● **What the exercise asks**:
For this exercise, the reply is the listing below, reproduced exactly.

● **Stored data**:
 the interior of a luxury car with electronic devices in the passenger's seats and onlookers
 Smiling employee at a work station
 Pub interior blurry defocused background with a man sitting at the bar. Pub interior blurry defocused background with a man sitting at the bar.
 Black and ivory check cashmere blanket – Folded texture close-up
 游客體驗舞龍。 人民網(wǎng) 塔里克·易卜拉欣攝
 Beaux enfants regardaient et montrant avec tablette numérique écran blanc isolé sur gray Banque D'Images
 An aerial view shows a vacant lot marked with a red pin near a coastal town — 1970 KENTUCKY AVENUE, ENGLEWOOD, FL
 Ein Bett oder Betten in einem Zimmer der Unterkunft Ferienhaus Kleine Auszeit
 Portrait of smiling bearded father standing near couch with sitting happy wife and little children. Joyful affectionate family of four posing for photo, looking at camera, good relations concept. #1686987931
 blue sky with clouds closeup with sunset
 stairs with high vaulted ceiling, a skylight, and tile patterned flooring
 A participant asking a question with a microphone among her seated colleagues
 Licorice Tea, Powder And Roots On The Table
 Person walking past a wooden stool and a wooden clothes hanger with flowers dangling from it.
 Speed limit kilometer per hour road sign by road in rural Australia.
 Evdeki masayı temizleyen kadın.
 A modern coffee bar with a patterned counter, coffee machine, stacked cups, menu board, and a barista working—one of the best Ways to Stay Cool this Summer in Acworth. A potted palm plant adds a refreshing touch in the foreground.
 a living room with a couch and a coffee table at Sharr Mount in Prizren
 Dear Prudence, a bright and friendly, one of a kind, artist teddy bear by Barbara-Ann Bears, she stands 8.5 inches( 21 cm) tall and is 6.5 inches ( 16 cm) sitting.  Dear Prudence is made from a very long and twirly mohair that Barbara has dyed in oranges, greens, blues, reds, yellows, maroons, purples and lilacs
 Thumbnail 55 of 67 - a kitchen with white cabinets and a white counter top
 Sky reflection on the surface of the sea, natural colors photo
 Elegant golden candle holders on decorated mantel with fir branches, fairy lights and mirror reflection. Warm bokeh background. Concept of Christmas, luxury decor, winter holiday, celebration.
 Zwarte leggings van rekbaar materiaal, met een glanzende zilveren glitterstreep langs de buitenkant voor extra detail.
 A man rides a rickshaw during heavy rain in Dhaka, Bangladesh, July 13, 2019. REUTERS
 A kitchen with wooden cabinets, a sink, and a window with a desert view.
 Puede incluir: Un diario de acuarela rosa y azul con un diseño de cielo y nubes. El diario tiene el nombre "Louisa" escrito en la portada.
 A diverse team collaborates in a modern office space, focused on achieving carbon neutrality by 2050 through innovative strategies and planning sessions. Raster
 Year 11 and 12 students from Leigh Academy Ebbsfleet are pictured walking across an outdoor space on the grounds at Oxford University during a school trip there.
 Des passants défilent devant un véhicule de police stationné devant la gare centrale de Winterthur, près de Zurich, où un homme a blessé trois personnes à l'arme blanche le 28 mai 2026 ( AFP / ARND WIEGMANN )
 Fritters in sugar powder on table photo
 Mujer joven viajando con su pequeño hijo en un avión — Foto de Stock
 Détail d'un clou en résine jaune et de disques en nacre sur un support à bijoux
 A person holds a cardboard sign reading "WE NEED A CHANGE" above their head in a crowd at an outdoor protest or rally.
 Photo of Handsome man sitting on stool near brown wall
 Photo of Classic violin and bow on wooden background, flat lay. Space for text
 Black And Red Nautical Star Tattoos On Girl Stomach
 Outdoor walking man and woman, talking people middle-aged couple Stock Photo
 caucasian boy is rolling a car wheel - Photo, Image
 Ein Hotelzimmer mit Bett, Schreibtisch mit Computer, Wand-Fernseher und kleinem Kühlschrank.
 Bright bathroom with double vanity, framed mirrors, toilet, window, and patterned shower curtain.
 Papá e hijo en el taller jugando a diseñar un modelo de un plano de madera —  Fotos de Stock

● **Exercise result**:
 the interior of a luxury car with electronic devices in the passenger's seats and onlookers
 Smiling employee at a work station
 Pub interior blurry defocused background with a man sitting at the bar. Pub interior blurry defocused background with a man sitting at the bar.
 Black and ivory check cashmere blanket – Folded texture close-up
 游客體驗舞龍。 人民網(wǎng) 塔里克·易卜拉欣攝
 Beaux enfants regardaient et montrant avec tablette numérique écran blanc isolé sur gray Banque D'Images
 An aerial view shows a vacant lot marked with a red pin near a coastal town — 1970 KENTUCKY AVENUE, ENGLEWOOD, FL
 Ein Bett oder Betten in einem Zimmer der Unterkunft Ferienhaus Kleine Auszeit
 Portrait of smiling bearded father standing near couch with sitting happy wife and little children. Joyful affectionate family of four posing for photo, looking at camera, good relations concept. #1686987931
 blue sky with clouds closeup with sunset
 stairs with high vaulted ceiling, a skylight, and tile patterned flooring
 A participant asking a question with a microphone among her seated colleagues
 Licorice Tea, Powder And Roots On The Table
 Person walking past a wooden stool and a wooden clothes hanger with flowers dangling from it.
 Speed limit kilometer per hour road sign by road in rural Australia.
 Evdeki masayı temizleyen kadın.
 A modern coffee bar with a patterned counter, coffee machine, stacked cups, menu board, and a barista working—one of the best Ways to Stay Cool this Summer in Acworth. A potted palm plant adds a refreshing touch in the foreground.
 a living room with a couch and a coffee table at Sharr Mount in Prizren
 Dear Prudence, a bright and friendly, one of a kind, artist teddy bear by Barbara-Ann Bears, she stands 8.5 inches( 21 cm) tall and is 6.5 inches ( 16 cm) sitting.  Dear Prudence is made from a very long and twirly mohair that Barbara has dyed in oranges, greens, blues, reds, yellows, maroons, purples and lilacs
 Thumbnail 55 of 67 - a kitchen with white cabinets and a white counter top
 Sky reflection on the surface of the sea, natural colors photo
 Elegant golden candle holders on decorated mantel with fir branches, fairy lights and mirror reflection. Warm bokeh background. Concept of Christmas, luxury decor, winter holiday, celebration.
 Zwarte leggings van rekbaar materiaal, met een glanzende zilveren glitterstreep langs de buitenkant voor extra detail.
 A man rides a rickshaw during heavy rain in Dhaka, Bangladesh, July 13, 2019. REUTERS
 A kitchen with wooden cabinets, a sink, and a window with a desert view.
 Puede incluir: Un diario de acuarela rosa y azul con un diseño de cielo y nubes. El diario tiene el nombre "Louisa" escrito en la portada.
 A diverse team collaborates in a modern office space, focused on achieving carbon neutrality by 2050 through innovative strategies and planning sessions. Raster
 Year 11 and 12 students from Leigh Academy Ebbsfleet are pictured walking across an outdoor space on the grounds at Oxford University during a school trip there.
 Des passants défilent devant un véhicule de police stationné devant la gare centrale de Winterthur, près de Zurich, où un homme a blessé trois personnes à l'arme blanche le 28 mai 2026 ( AFP / ARND WIEGMANN )
 Fritters in sugar powder on table photo
 Mujer joven viajando con su pequeño hijo en un avión — Foto de Stock
 Détail d'un clou en résine jaune et de disques en nacre sur un support à bijoux
 A person holds a cardboard sign reading "WE NEED A CHANGE" above their head in a crowd at an outdoor protest or rally.
 Photo of Handsome man sitting on stool near brown wall
 Photo of Classic violin and bow on wooden background, flat lay. Space for text
 Black And Red Nautical Star Tattoos On Girl Stomach
 Outdoor walking man and woman, talking people middle-aged couple Stock Photo
 caucasian boy is rolling a car wheel - Photo, Image
 Ein Hotelzimmer mit Bett, Schreibtisch mit Computer, Wand-Fernseher und kleinem Kühlschrank.
 Bright bathroom with double vanity, framed mirrors, toilet, window, and patterned shower curtain.
 Papá e hijo en el taller jugando a diseñar un modelo de un plano de madera —  Fotos de Stock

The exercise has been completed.